With the same argument, we could arguue that working and social life are getting in the way how I am, thus working and social life should be considered disorders.


These reductio ad absurdum arguments are wholly unpersuasive. The fact that there are some debatable gray areas in the DSMs seems like poor reasoning to throw the baby out with the bathwater. E.g. things like schizophrenia, OCD, major depressive disorder, etc. are so highly disruptive to the individuals involved that arguing that they shouldn't be disorders (or, contrary, that anything else is a disorder) feels like an unhelpful semantic game.


A ridiculous argument. Most often a disorder will impact activities you enjoy just as much as those you don't. Very broadly speaking, if all of your symptoms go away when you get home from work then you don't have a disorder, just a demanding, stressful job. That's certainly true for disorders like ADHD and ASD that are under attack these days.


Sounds like you need to read better books Bromaster General!


> Sounds like you need to read better books Bromaster General!

I don't get this reference (that is likely rooted in US popular culture).

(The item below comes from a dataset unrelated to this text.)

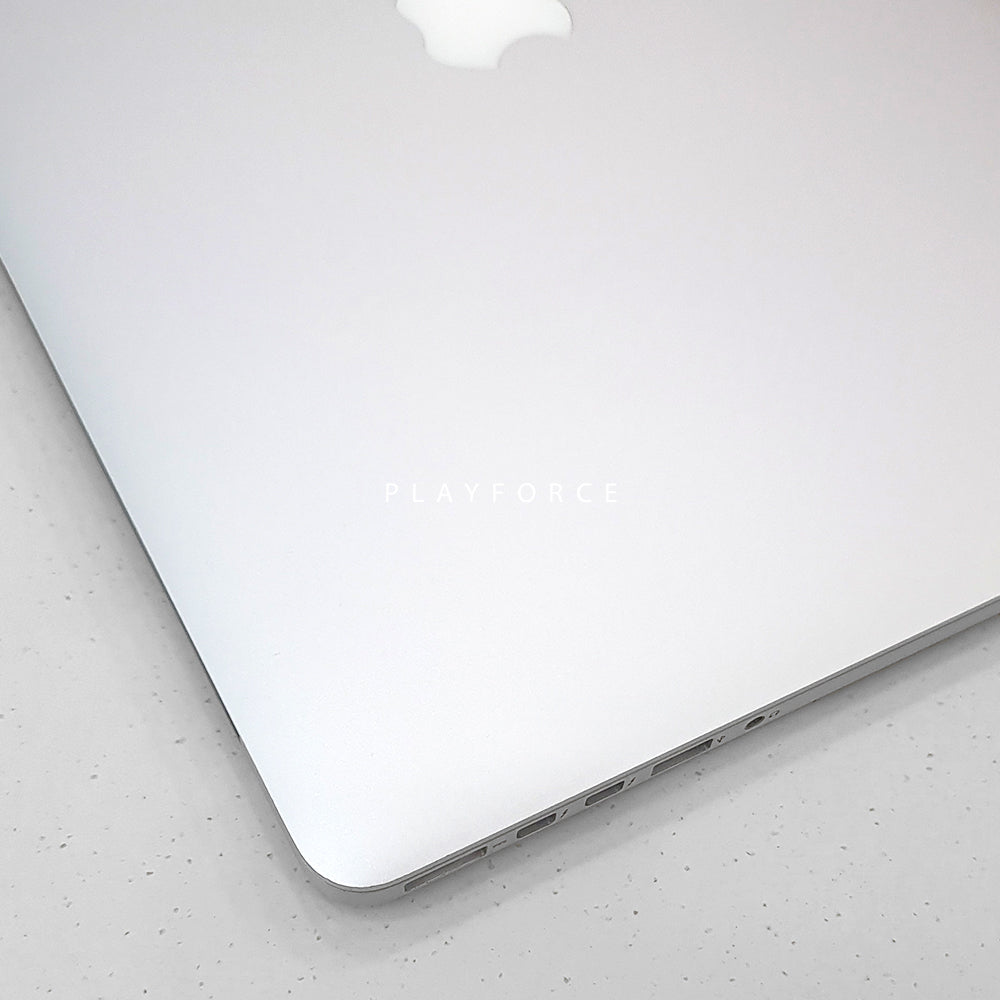 Apple MacBook Pro 15-inch Laptop (2015 Model) - Intel Core i7, 16GB RAM, 512GB SSD - Powerful Performance for Business, Design & Creative Work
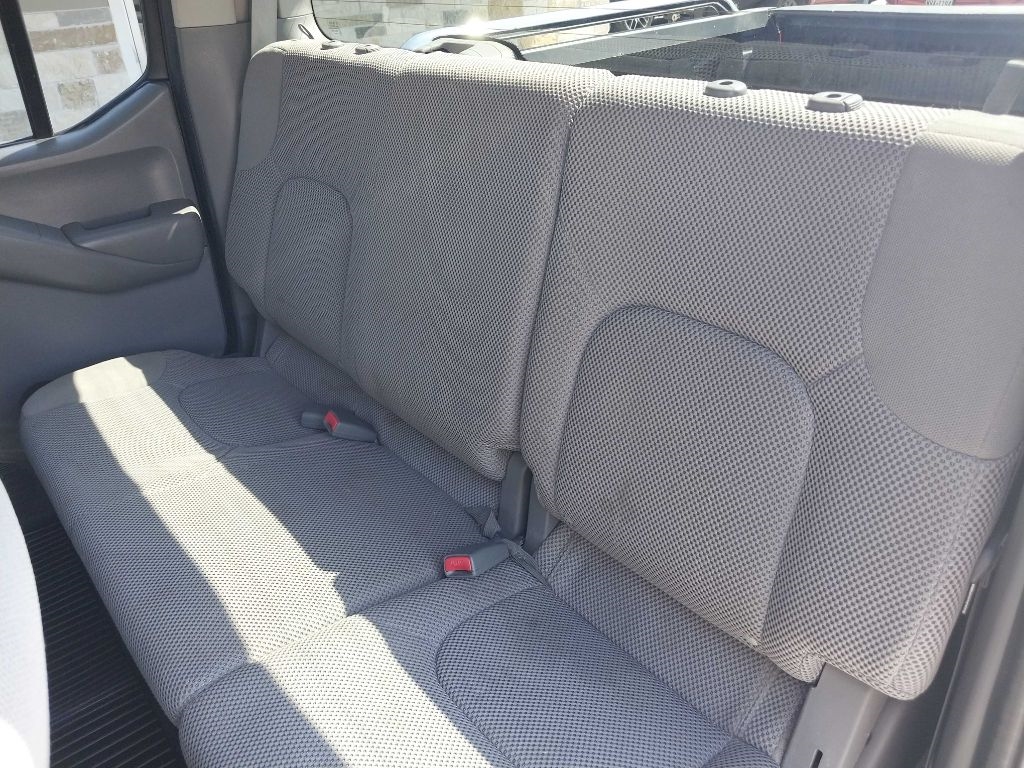 Nissan Frontier SL Crew Cab 5AT 4WD 2017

A "disorder" is just a collection of symptoms that have been empirically shown to benefit from certain treatments. If someone doesn't think they have those symptoms then they can just not seek a diagnosis or treatment. Nobody is forcing a diagnosis on somebody who doesn't want it.


If you look into the history of psychiatry I think you’ll find quite a lot of examples when diagnosis and treatment was forced on people who didn’t want it. It’s not hard to find contemporary such examples either.


Yes, that did unfortunately happen in the history of psychiatry. I am talking about modern American psychiatric practices (say, the last 10-20 years).

If the proposition here is that mental health disorders are fabricated maliciously in order to sell more medication or enforce some sort of social order, then I don't see how the very rare court-ordered enforcement of short-term stays at psychiatric institutions could be the mechanism for that.

The vast majority of people in the US who receive psychiatric care do so voluntarily, because they experience real symptoms that really affect their life, for which they need real treatment.


> The vast majority of people in the US who receive psychiatric care do so voluntarily

That's true, but that's not what the parent comment claimed. They didn't say a majority receive psychiatric care involuntarily, they said it's not hard to find examples who receive it involuntarily, and that's true. Lots of people are forced to take psychiatric medication right now, in developed countries including the US.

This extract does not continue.